あらすじ:ネガル(ネガル・シャガギ)とボーイフレンドのアシュカン(アシュカン・クーシャンネジャード)は、テヘランでバンドを組んでいた。だが、音楽の自由のないイランでインディー・ロックを続けることに限界を感じていた二人は、ロンドンで演奏したいと夢見るようになる。何よりも国外に出るためにはアシュカンのパスポート取得が先決で……。(作品資料より)

<感想>謎めいたタイトルだが、その真意を知れば誰しも作り手の切羽詰まった表現者としての苦悩を理解するに違いない。その作り手とはイランとイラク国境のクルド出身のバフマン・ゴバディ。「酔っ払った馬の時間」、「亀も空を飛ぶ」で知られる監督である。
舞台は現代のテヘラン。クルドを描き続けた監督が次に選んだのは、当局の目をかいくぐって音楽活動を続ける若者たちの群像ドラマ。演奏許可が下りないテヘランを離れて、ロンドンで公演することを夢見る二人組のロッカーが、便利屋と手を組んで違法なパスポートやビザを手に入れるために、バイクに乗って街を走り回る。

そこから見えてくるのは、自由であるべきはずの音楽活動を禁じる政府の理不尽な圧力であり、それに果敢に抵抗するミュージシャンたちの悲痛な叫びである。興味深いのは、彼らの不自由な活動を逆手にとった強烈な風刺の姿勢。彼らが訪ねるラッパーは歌う。「この国では金が第一、第二に神と、・・・」政府が目をひんむくような台詞が続くが、その風刺も結局は悲劇的な結末になる虚しさに怒りが込み上げてくる。
一応フィクション仕立てだが、実質「テヘラン音楽」の活動を抑圧された世界でこそ、人間の中の“ロック”が目を覚ます。イランのアンダーグラウンドに、こんな多様で豊かな音楽シーンが広がっているとは知らなかった。

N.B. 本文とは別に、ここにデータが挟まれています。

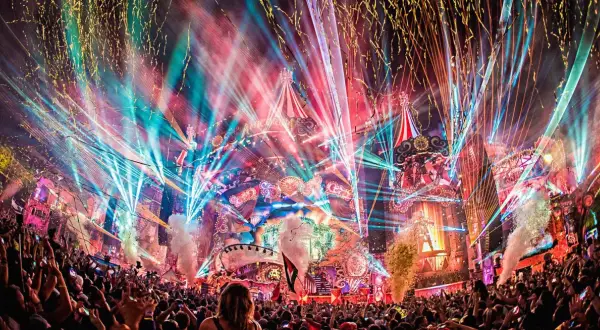 Multitud celebra en Tomorrowland, luces láser, confeti y fuegos artificiales crean un espectáculo mágico. ¡Así es como ir a Tomorrowland!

しかも文化規制があるため基本的に非合法なのだから。だが、若者たちは隠れてビートルズ、ジョイ・ディヴィジョンやストロークス(ポスターやTシャツが登場する)などに親しみ、ロックバンドを組む。牛小屋でメタルを演奏する連中もいれば、「ここはジャングル、食うか喰われるか」とフロウをぶちかますラッパーもいる。
そして独特のブルースを絶唱するミルザーってバンドのおっさんシンガーのド迫力さ。
これは単なる反対制ミュージシャンの記録ではない。ゴバデイ監督自身がテヘランでの、映画作りで遭遇した自らの体験を基に、その苦しい胸のうちをミュージシャンに託して、1本の映画にまとめたいという本物のパンク魂、ここにあり!
公安の目を盗んでゲリラ的に無許可撮影を続けた監督は、本作を最後に亡命。むろんイランでは映画も未公開です。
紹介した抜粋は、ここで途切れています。